Search code examples
pythonbashfor-loopsample-data

How do I write a for-loop so a program reiterates itself for a set of 94 DNA samples?


I have written some code in a bash shell (so I can submit it to my university's supercomputer) to edit out contaminant sequences from a batch of DNA extracts I have.
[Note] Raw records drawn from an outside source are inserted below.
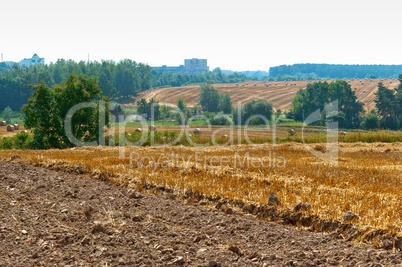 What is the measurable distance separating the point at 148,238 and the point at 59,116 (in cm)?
2114

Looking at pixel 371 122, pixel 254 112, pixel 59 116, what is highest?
pixel 59 116

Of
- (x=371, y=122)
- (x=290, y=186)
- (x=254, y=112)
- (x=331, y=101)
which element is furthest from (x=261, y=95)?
(x=290, y=186)

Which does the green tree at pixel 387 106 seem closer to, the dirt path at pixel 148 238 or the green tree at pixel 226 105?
the green tree at pixel 226 105

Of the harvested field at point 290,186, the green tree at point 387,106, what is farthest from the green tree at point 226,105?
the harvested field at point 290,186

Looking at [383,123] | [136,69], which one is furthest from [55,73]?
[383,123]

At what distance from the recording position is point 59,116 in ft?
80.6

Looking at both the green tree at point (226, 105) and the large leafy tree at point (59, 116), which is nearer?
the large leafy tree at point (59, 116)

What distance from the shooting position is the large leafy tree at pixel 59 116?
79.9 feet

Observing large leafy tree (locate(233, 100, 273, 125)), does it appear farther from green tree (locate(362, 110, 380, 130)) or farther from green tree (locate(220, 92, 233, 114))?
green tree (locate(362, 110, 380, 130))

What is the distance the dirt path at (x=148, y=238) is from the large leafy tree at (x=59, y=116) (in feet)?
57.8

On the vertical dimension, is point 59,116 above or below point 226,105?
below

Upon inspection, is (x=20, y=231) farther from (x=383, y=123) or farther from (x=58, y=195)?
(x=383, y=123)

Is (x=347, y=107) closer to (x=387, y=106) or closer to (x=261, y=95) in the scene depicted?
(x=387, y=106)

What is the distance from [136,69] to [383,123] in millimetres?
108050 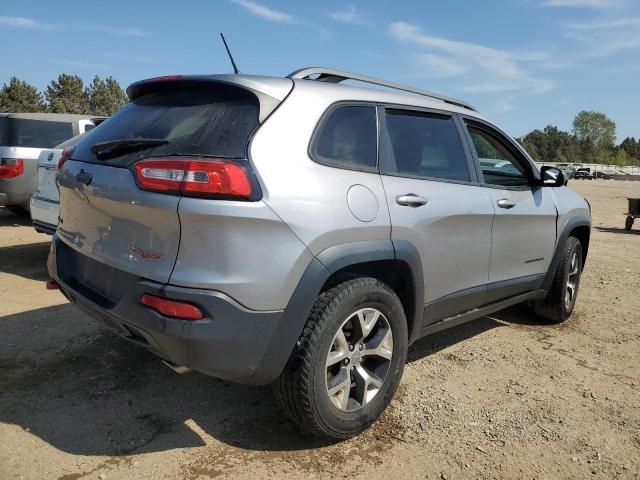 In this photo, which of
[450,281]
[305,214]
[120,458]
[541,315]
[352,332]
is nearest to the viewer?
[305,214]

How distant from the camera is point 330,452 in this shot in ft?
8.58

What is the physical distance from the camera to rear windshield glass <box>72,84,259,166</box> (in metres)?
2.31

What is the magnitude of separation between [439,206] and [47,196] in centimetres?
404

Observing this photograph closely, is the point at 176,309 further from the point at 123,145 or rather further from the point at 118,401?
the point at 118,401

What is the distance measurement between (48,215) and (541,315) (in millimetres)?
4750

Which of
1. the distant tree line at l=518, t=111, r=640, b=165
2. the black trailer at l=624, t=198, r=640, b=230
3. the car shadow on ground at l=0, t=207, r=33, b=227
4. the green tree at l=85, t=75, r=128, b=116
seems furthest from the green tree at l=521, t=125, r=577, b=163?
the car shadow on ground at l=0, t=207, r=33, b=227

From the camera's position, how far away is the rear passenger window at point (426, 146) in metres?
3.02

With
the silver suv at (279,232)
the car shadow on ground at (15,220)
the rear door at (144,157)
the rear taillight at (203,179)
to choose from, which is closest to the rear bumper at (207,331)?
the silver suv at (279,232)

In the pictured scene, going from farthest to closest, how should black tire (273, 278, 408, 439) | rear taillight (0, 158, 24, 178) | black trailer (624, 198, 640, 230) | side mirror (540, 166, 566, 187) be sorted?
black trailer (624, 198, 640, 230) < rear taillight (0, 158, 24, 178) < side mirror (540, 166, 566, 187) < black tire (273, 278, 408, 439)

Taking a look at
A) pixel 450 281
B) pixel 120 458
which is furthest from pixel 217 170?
pixel 450 281

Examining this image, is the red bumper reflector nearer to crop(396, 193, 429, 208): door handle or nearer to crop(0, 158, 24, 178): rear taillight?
crop(396, 193, 429, 208): door handle

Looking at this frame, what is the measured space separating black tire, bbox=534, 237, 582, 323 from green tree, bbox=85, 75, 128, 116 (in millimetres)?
84404

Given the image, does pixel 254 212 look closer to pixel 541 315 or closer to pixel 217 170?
pixel 217 170

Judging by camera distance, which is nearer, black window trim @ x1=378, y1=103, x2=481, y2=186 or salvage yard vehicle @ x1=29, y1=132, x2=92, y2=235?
black window trim @ x1=378, y1=103, x2=481, y2=186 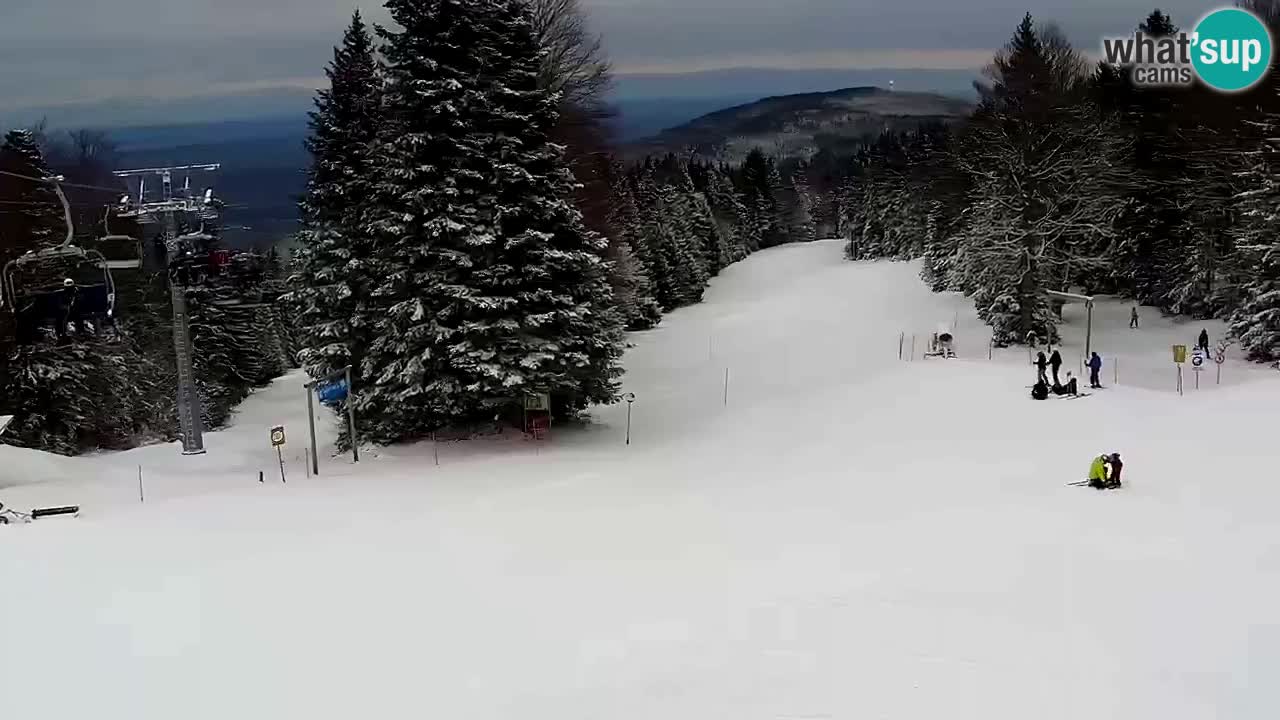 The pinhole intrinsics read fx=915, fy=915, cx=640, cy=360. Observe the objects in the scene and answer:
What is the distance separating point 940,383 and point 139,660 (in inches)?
860

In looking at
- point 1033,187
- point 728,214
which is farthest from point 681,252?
point 728,214

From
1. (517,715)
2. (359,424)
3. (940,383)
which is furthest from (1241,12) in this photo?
(517,715)

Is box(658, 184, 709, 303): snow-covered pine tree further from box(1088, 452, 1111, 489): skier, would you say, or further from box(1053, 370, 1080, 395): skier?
box(1088, 452, 1111, 489): skier

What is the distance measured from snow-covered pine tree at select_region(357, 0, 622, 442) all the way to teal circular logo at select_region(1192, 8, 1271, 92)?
26829mm

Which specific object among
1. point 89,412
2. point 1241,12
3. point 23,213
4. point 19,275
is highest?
point 1241,12

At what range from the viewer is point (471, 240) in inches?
824

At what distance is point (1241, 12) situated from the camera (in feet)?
117

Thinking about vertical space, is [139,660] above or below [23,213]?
below

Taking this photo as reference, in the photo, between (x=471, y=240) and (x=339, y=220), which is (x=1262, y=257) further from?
(x=339, y=220)

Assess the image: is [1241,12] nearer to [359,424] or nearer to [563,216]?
[563,216]

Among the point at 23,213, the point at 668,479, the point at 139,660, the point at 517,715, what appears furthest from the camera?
the point at 23,213

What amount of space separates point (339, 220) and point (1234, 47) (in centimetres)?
3466

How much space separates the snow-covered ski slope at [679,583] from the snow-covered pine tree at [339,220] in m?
3.73

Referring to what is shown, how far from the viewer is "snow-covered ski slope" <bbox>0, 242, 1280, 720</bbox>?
7.87 metres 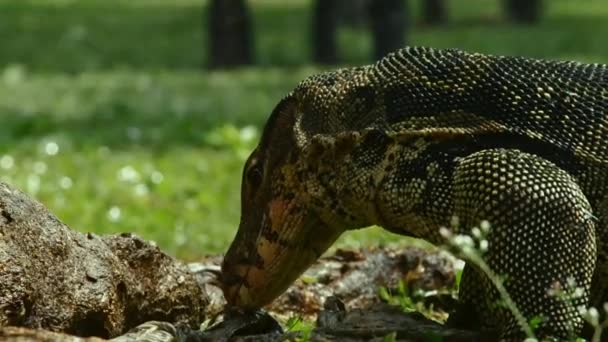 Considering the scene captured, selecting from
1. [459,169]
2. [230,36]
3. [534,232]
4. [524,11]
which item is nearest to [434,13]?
[524,11]

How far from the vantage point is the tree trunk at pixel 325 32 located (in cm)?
2147

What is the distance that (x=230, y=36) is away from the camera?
65.0ft

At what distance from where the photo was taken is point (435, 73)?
172 inches

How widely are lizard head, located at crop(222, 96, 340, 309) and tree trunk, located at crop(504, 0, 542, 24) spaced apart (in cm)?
2685

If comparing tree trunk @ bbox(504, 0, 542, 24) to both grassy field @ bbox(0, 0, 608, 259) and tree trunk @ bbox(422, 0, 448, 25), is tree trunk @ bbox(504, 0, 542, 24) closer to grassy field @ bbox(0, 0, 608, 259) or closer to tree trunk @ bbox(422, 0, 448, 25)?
grassy field @ bbox(0, 0, 608, 259)

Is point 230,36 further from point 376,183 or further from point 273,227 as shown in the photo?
point 376,183

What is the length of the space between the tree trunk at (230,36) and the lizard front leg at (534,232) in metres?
15.4

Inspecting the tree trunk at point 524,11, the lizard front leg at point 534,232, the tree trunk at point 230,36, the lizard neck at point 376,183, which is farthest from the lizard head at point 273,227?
the tree trunk at point 524,11

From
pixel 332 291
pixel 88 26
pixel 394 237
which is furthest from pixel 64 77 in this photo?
pixel 332 291

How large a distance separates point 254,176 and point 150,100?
10.4 metres

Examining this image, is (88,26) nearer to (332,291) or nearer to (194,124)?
(194,124)

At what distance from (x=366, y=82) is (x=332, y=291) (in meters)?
1.52

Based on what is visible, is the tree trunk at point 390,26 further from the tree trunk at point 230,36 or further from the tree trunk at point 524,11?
the tree trunk at point 524,11

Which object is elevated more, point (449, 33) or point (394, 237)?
point (394, 237) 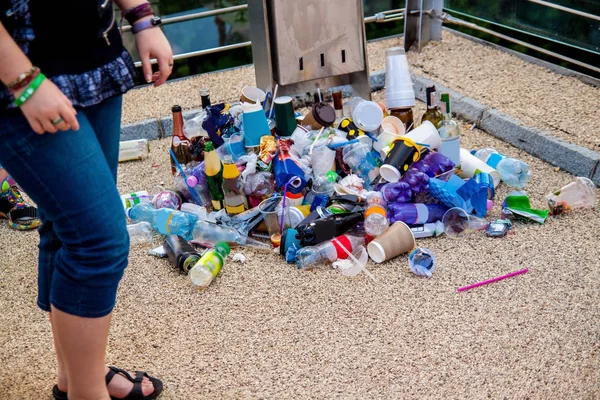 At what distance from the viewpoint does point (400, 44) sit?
5398mm

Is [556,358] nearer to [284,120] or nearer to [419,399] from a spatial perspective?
[419,399]

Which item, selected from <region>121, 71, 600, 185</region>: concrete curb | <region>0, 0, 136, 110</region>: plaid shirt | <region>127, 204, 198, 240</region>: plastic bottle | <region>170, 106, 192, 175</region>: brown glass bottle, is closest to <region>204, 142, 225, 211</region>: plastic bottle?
<region>127, 204, 198, 240</region>: plastic bottle

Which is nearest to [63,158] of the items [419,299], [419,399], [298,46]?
[419,399]

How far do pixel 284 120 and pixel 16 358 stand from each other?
1.71m

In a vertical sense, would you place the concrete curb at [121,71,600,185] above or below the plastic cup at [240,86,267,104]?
below

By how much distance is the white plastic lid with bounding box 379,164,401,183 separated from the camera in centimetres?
297

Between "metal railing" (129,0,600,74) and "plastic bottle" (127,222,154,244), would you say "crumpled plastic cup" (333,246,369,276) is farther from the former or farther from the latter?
"metal railing" (129,0,600,74)

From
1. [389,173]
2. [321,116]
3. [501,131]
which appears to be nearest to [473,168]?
[389,173]

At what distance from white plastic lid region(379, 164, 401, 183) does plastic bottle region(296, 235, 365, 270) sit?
0.42 meters

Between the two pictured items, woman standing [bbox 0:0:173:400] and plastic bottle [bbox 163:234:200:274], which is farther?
plastic bottle [bbox 163:234:200:274]

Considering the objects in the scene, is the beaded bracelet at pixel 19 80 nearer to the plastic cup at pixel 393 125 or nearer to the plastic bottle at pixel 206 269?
the plastic bottle at pixel 206 269

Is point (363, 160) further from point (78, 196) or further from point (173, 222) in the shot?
point (78, 196)

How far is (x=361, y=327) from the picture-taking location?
2.35 meters

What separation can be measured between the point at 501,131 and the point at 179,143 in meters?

Essentially what this code does is take the sequences from the negative extraction blank I did (A1-BLANK) and subtract it from all of the other samples.

I have figured out how to get this to work with individual samples, but I'm attempting to write a for loop so that the little chunks of code will reiterate themselves for each sample, with the outcome of this file being a .sam file with a unique name for each sample where both the forward and reverse reads for the sample are merged and edited for contamination.I have checked stack overflow extensively for help with this specific problem, but haven't been able to apply related answered questions to my code.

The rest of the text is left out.